U.S. District Judge Lynn Hughes wrote in a preliminary injunction on Friday that the policy’s threat of suspending or expelling students for “unlawful severe, pervasive, or persistent treatment” based on race, color, gender, age, religion or sexual orientation was too broad to protect them from the censorship of “arbitrary professors.”
“Restraint on free speech is prohibited absent limited circumstances carefully proscribed by the Supreme Court,” wrote Judge Hughes, who was appointed by former President Ronald Reagan. “Any limitation deserves the utmost scrutiny.”
The anti-discrimination policy states that even “minor verbal and nonverbal slights, snubs, annoyances, insults, or isolated incidents including, but not limited to microaggressions,” can constitute harassment if “such incidents keep happening over time and are targeting a protected class.”
The judge’s ruling blocks the public research university from reinstating this definition of harassment, which administrators implemented on Dec. 27.

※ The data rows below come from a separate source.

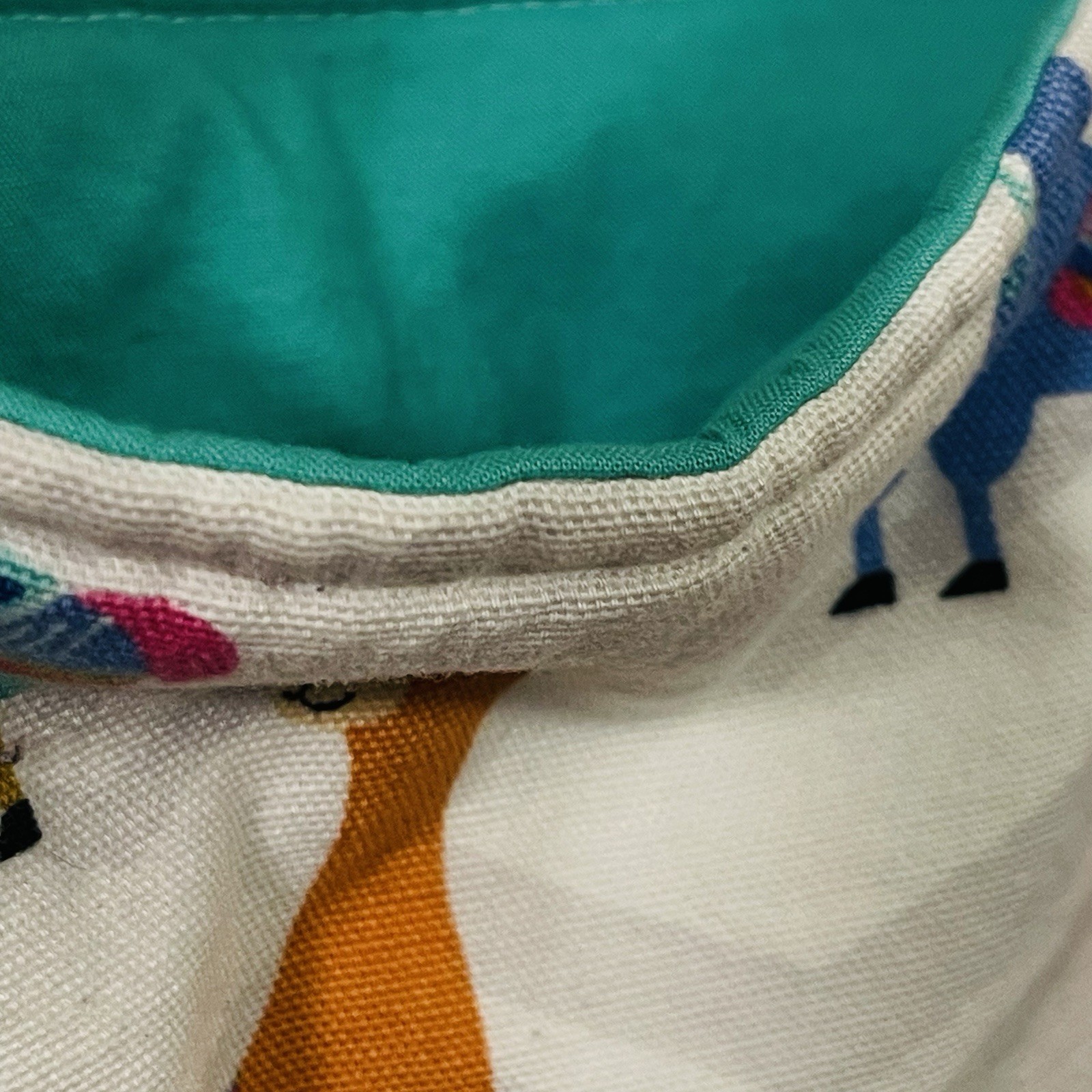 Fun Dopamine Crossbody Lama Bag Canvas Fabric White Mint Multicolor 14×14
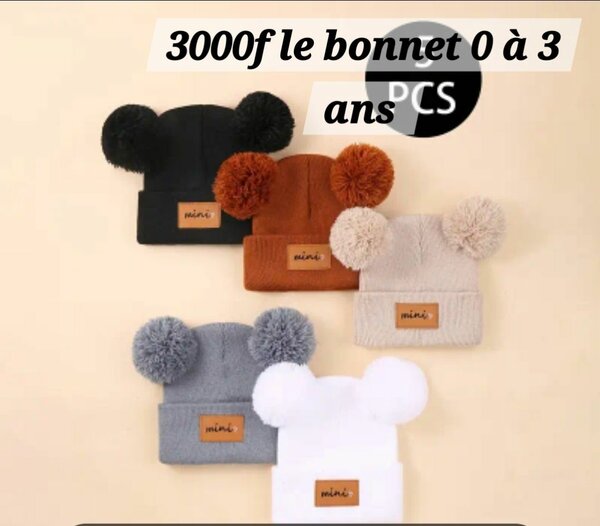 Bonnets Pompons 0-3 Ans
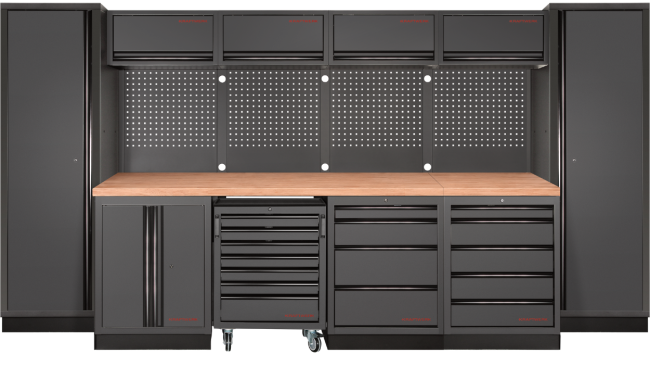 Preview: Kraftwerk Black Weeks: MOBILIO DEEP 6er Kombi mit Lochwand und Buche-Arbeitsplatte schwarz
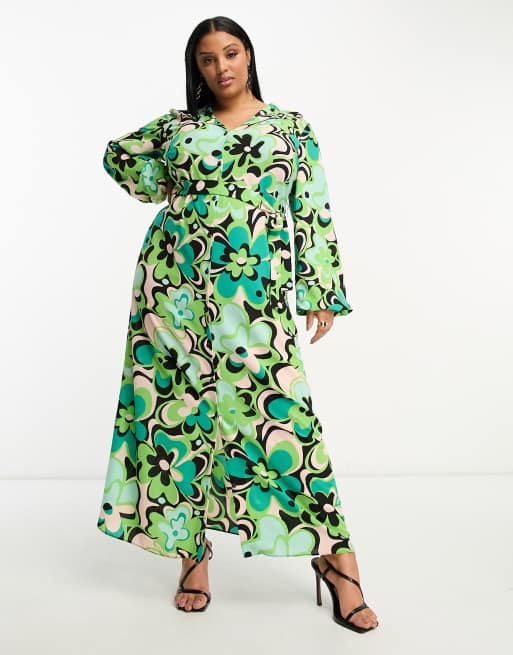 Vero Moda Aware keyhole maxi dress in green floral print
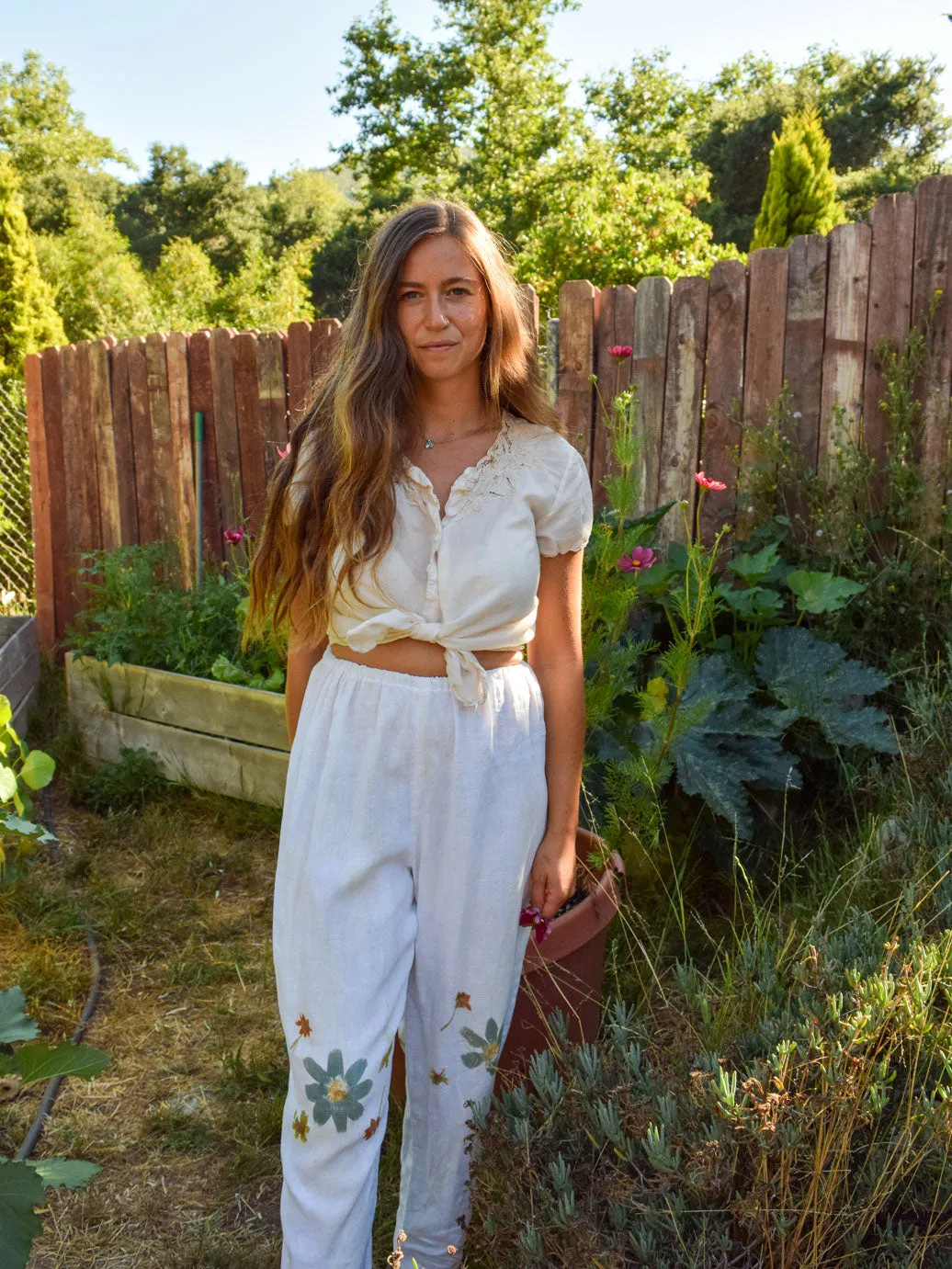 Flower Hammered Elastic Pants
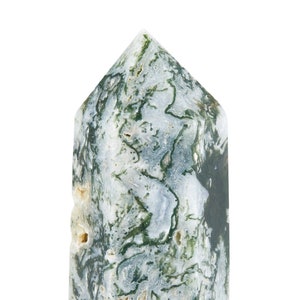 One of a Kind Moss Agate Point - Standing Moss Agate Crystal Tower - Polished Moss Agate Crystal Point - Large Moss Agate Stone Tower - #22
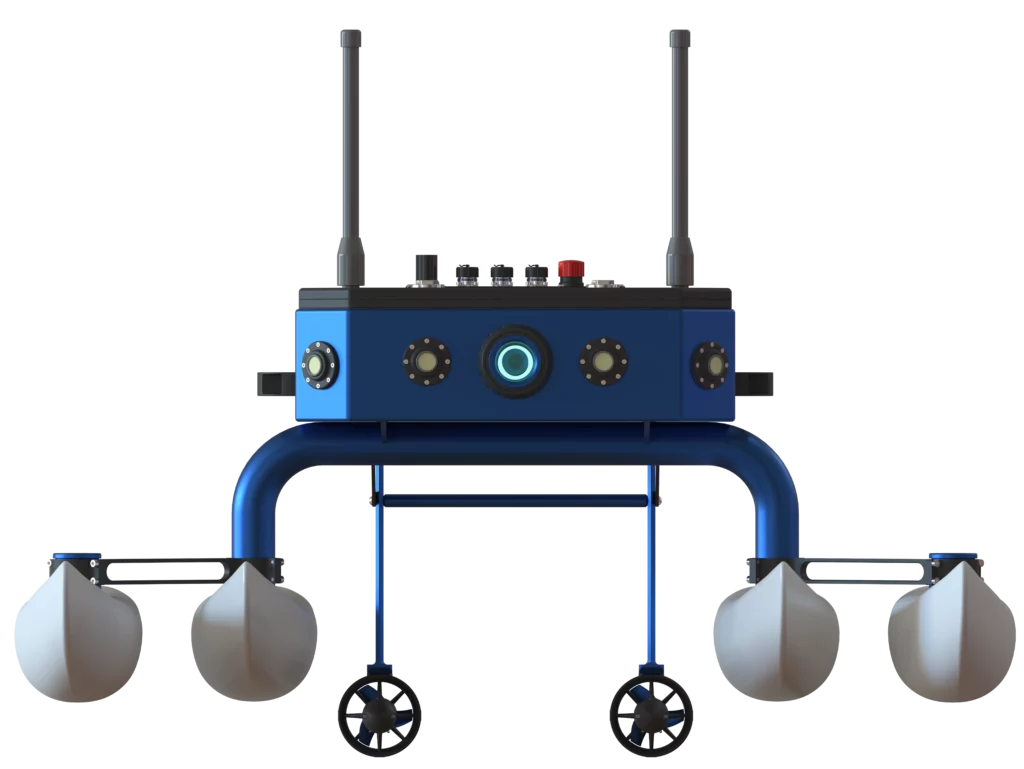 Robot aquatique CAYMAN double coques – vue frontale montrant les flotteurs, les capteurs, la caméra centrale et les antennes.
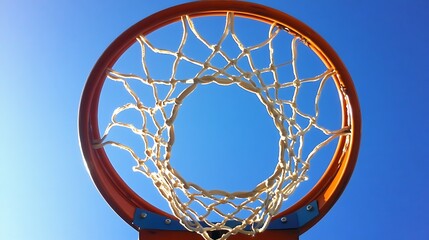 Basketball hoop against clear blue sky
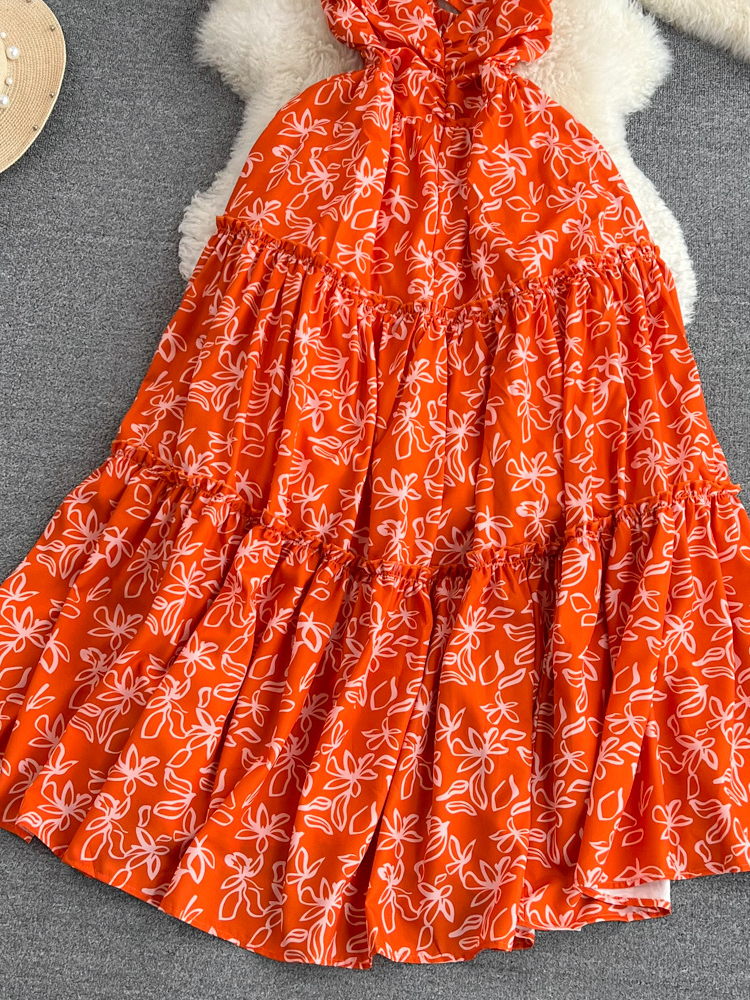Robe Longue de Plage pour Femme, Tenue de Soirée Sexy, Col en V, Dos aux, Imprimé Floral, Orange, Style Boho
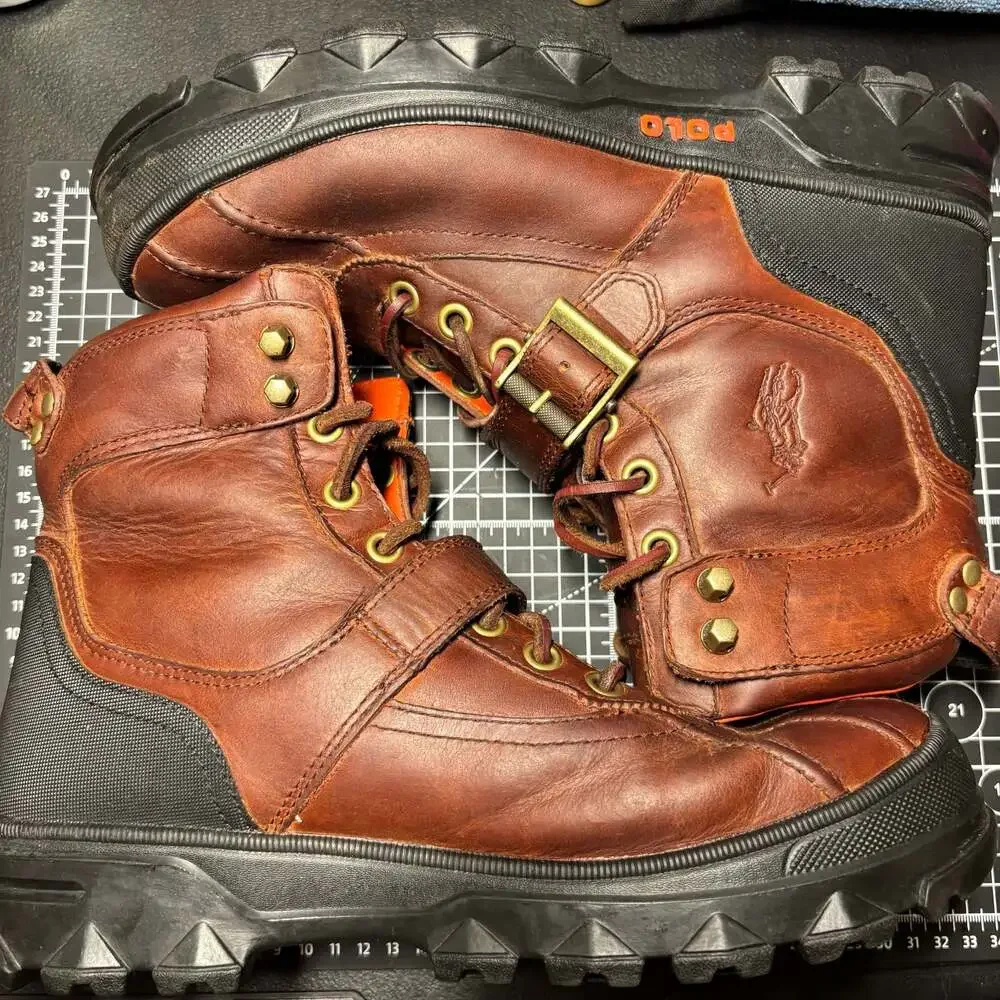 Mens Polo Ralph Lauren Huntswood Brown Leather Duck Boots with Buckle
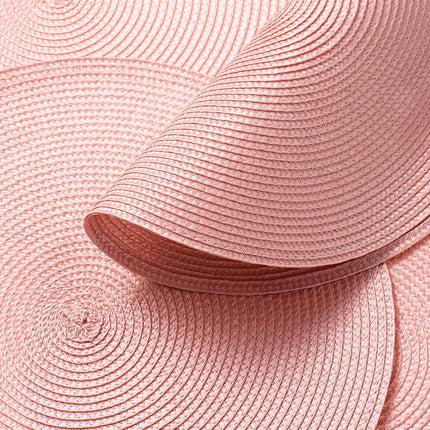 Round Braided Placemats 15 Inch Round Table Mats for Dining Tables Natural Woven Heat Resistant Place mats Set of 6 (Pink).
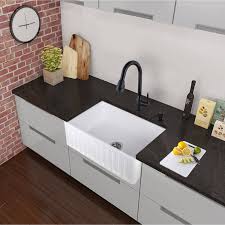 No additional features spout swivel type. Vigo All In One 30 Matte Stone Farmhouse Kitchen Sink And Graham Matte Black Faucet Set Walmart Com Walmart Com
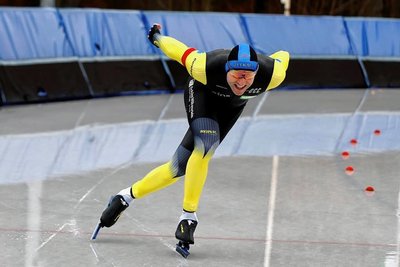 Nico Ihle beim letzten Rennen seiner Karriere. Beim Deutschland-Cup auf dem Eisoval am Chemnitzer Küchwald holte er Rang 3 über die 500 Meter sowie Platz 2 über 1000 Meter.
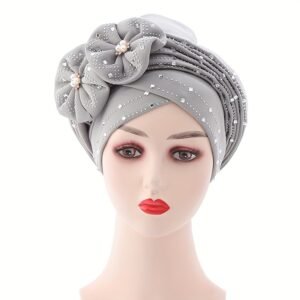 Turban élégant pour femmes avec décorations en strass, large et élastique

The University of Houston, which previously told The Washington Times in a statement that conservatives “misconstrued or misread” the policy’s intention to punish only “unlawful” harassment, did not immediately respond Monday to a request for comment.
Friday’s ruling marks the latest victory for Speech First, an advocacy group that sues universities on behalf of conservative students for first amendment violations.
Last month, a three-judge panel of the U.S. Court of Appeals for the 11th Circuit sided with Speech First in striking down a similar anti-discrimination policy at the University of Central Florida in Orlando.
Speech First argued in the University of Houston lawsuit, filed Feb. 16 in the U.S. District Court for the Southern District of Texas, that the policy’s inclusion of “negative stereotyping” and “denigrating jokes” on and off campus – including social media — amounted to a ban on constitutionally protected speech.
“The court’s ruling sends a clear message to all universities that restrictions on student speech will not be tolerated simply because listeners find certain ideas to be offensive or controversial,” Speech First Executive Director Cherise Trump said in a statement on Monday.